The castle is known to have been built in 1593 (the 26th year of King Seonjo's reign), along with the main character of Busanjinseong Fortress, which was located in today's Jeungsan Mountain, as well as the father and son of Mōri Hidemoto, who was in charge of the county government of Gyeongsang Province. Meanwhile, Japanese leader Asano Nagayoshi is believed to have contracted or expanded in 1598 (the 31st year of King Seonjo's reign) during the Japanese invasion of Korea.

Since the original Busan Fortress, which was originally built during the Japanese Invasion of Korea in 1592, was destroyed by the Japanese army, the Joseon Navy started using Jaseongdaeweseong Fortress, the intellectual fortress of Busan, as the Busanjinseong Fortress in 1607 (the 40th year of King Seonjo's reign). According to the Chungnyeolsa Temple Site, the Japanese army built a fortress on the top of the towering mountain in the fortress, which was used as a memorial stone for Busan during the Japanese Invasion of Korea in 1592. Therefore, it is believed that Busanjinseong Fortress was used as a base for Busanjinseong Fortress during the late Joseon Dynasty.
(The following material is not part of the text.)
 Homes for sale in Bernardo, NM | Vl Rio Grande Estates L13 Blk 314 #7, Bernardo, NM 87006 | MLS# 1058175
In addition, if one looks at Busan Japanese Fortress (Busan Japanese Fortress) as a mother, it can be seen as referring to self-reflection on motherhood as an intellectual. Meanwhile, "Yeongnamjinji" is said to have established Yukwoojeong on top of Jagseong in the year of Imin, and named it Seungga. Therefore, it is recorded that Jagseong became the first generation of Jin and Seunggajeong became the first generation of Jagseong.

== Rename ==
Originally, the name of the cultural property was Busanjinjiseong, but it was changed to Busanjinseong on 15 January 2020.